My 4wd ford 1510 has developed a leak on the front axle spindle upright gearbox. 



I believe this is repairable with general hand tools, but wanted to hear from anyone who may have done it. Any tips before I dig into this thing?
I have also noticed the axle does not vent properly. When I remove the fill plug dipstick I can usually hear air escaping like the axle is slightly pressurizing. I’ve looked all over axle and can’t find a vent anywhere. Anyone else have this problem? Here is a shot of the fill plug.



Thank you for any help you can give me.


----------



## RC Wells (Dec 26, 2008)

You will want the repair manual before you tear into the unit. Usually a simple repair. However, from your photo I do not see enough oil leakage to be of concern. Just keep the front axle and axle end gearbox filled and watch the level.
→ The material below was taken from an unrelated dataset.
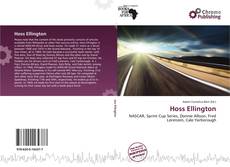 Copertina di Hoss Ellington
There is an oil plug, item 61 in the attached diagram, check axle end gearbox oil level there: https://partstore.agriculture.newholland.com/us/parts-search.html#epc::mr54189ar259022


----------



## Asymair95 (Nov 22, 2017)

Thank you. I do have a service manual, but wanted to hear from someone who had done the repair for any tips. It doesn’t look too bad in the manual, but looks can be deceiving. The venting issue is also a concern.


----------



## RC Wells (Dec 26, 2008)

No vent, keeps dirt from entering. Also why they seep a bit.


----------



## Asymair95 (Nov 22, 2017)

Gotcha, thank you. So I should maybe just leave it and keep an eye on fluid level?


----------



## RC Wells (Dec 26, 2008)

That is what do. Worked for years that way. Just keep the pressure washer away from the front units when they are warm. They will cool and pull moisture in the seals and then rust and really leak. I do not pressure wash any equipment when it is warm, just blow it out with air and wash when it is cold. Never lose seals or hydraulics that way.


----------



## Asymair95 (Nov 22, 2017)

Thank you, will keep an eye on it.


----------